[HN Gopher] Neural Network Architecture Beyond Width and Depth
       ___________________________________________________________________
        
       Neural Network Architecture Beyond Width and Depth
        
       Author : StrauXX
       Score  : 37 points
       Date   : 2023-05-21 16:22 UTC (6 hours ago)
        
 (HTM) web link (arxiv.org)
 (TXT) w3m dump (arxiv.org)
        
       | moosedev wrote:
       | Paper was submitted almost exactly 1 year ago, and last revised
       | in Jan 2023.
       | 
       | Not sure if title needs a (2022), just pointing out the above in
       | case anyone else like me read "19 May" and mistakenly thought it
       | was a 2 day old paper :)
        
         | godelski wrote:
         | Probably not. The paper was accepted into NIPS 2022[0]. In case
         | anyone is wondering I did a diff (add "diff" afer "arxiv" and
         | before ".com") on V3 (16 Oct 2022) and V4 (latest: 14 Jan 2023)

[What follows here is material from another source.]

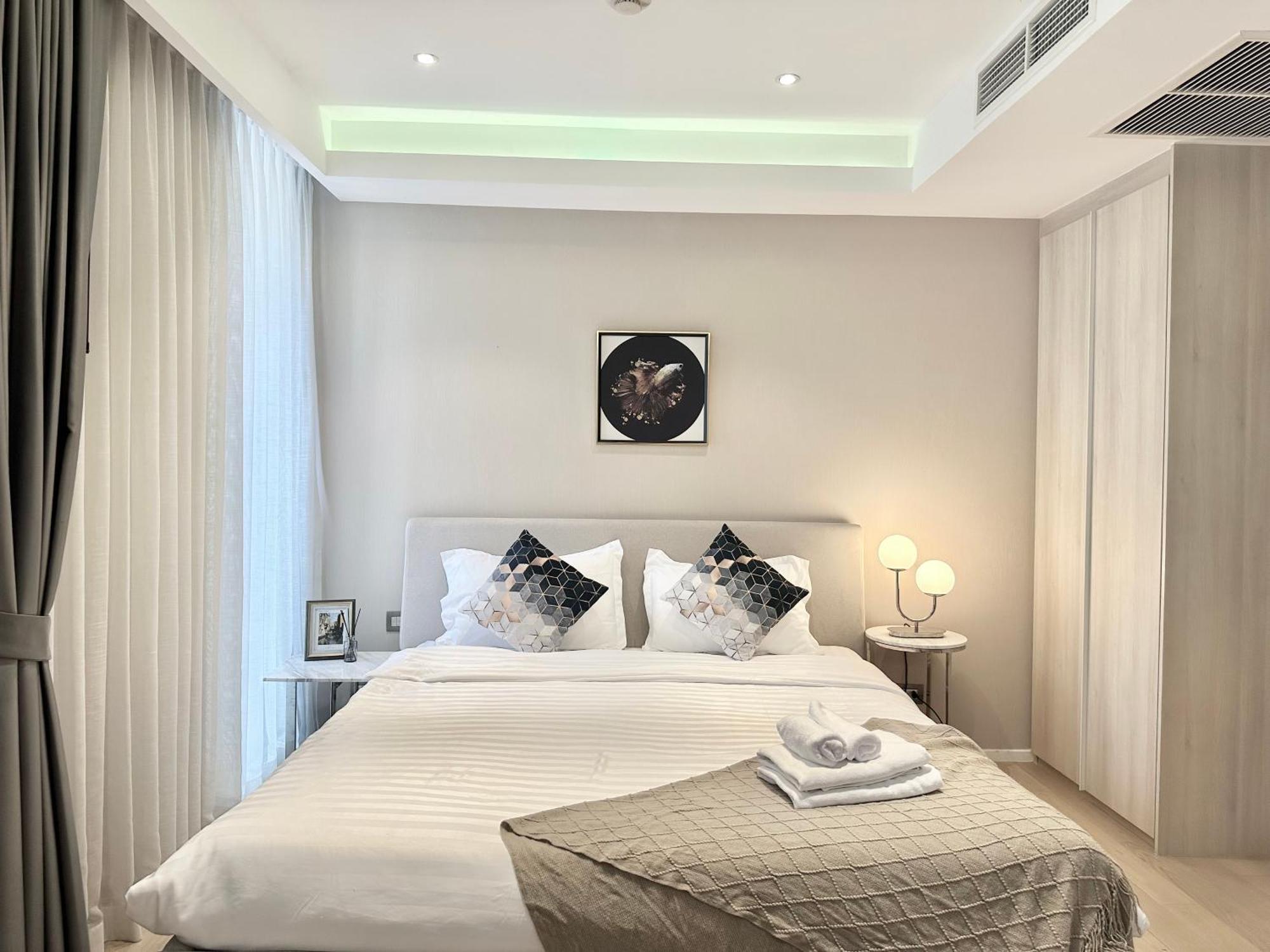 Апартаменти Sukhumvit 11#Luxury#Pool#Gym#Bts Nana&Mrt Sukhumvit#1Br#Max4Ppl Бангкок Екстер'єр фото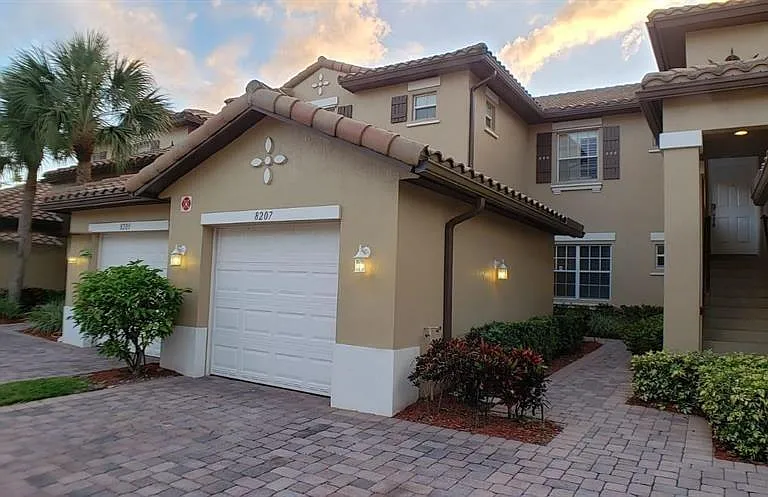 8207 NW 128th Ln #18-B — Photo 1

         | and the changes are just a few typos and a sign flip in the
         | appendix (page 17: v3 has f - phi, now reversed)
         | 
         | > just pointing out the above in case anyone else like me read
         | "19 May" and mistakenly thought it was a 2 day old paper
         | 
         | Is this common? Maybe because oldest is on top? But read dates
         | at bottom for best results (obviously year helps too).
         | 
         | The almost exactly 1 year is probably because NIPS '23
         | submissions just closed (supp still open btw).
         | 
         | [0] https://openreview.net/forum?id=36-xl1wdyu
        
       | neodypsis wrote:
       | > We propose the nested network architecture since it shares the
       | parameters via repetitions of sub-network activation functions.
       | In other words, a NestNet can provide a special parameter-sharing
       | scheme. This is the key reason why the NestNet has much better
       | approximation power than the standard network.
       | 
       | It would be interesting to see an experiment that compares their
       | CNN2 model with other parameter-sharing schemes such as networks
       | using hyper-convolutions [0][1][2].
       | 
       | [0] Ma, T., Wang, A. Q., Dalca, A. V., & Sabuncu, M. R. (2022).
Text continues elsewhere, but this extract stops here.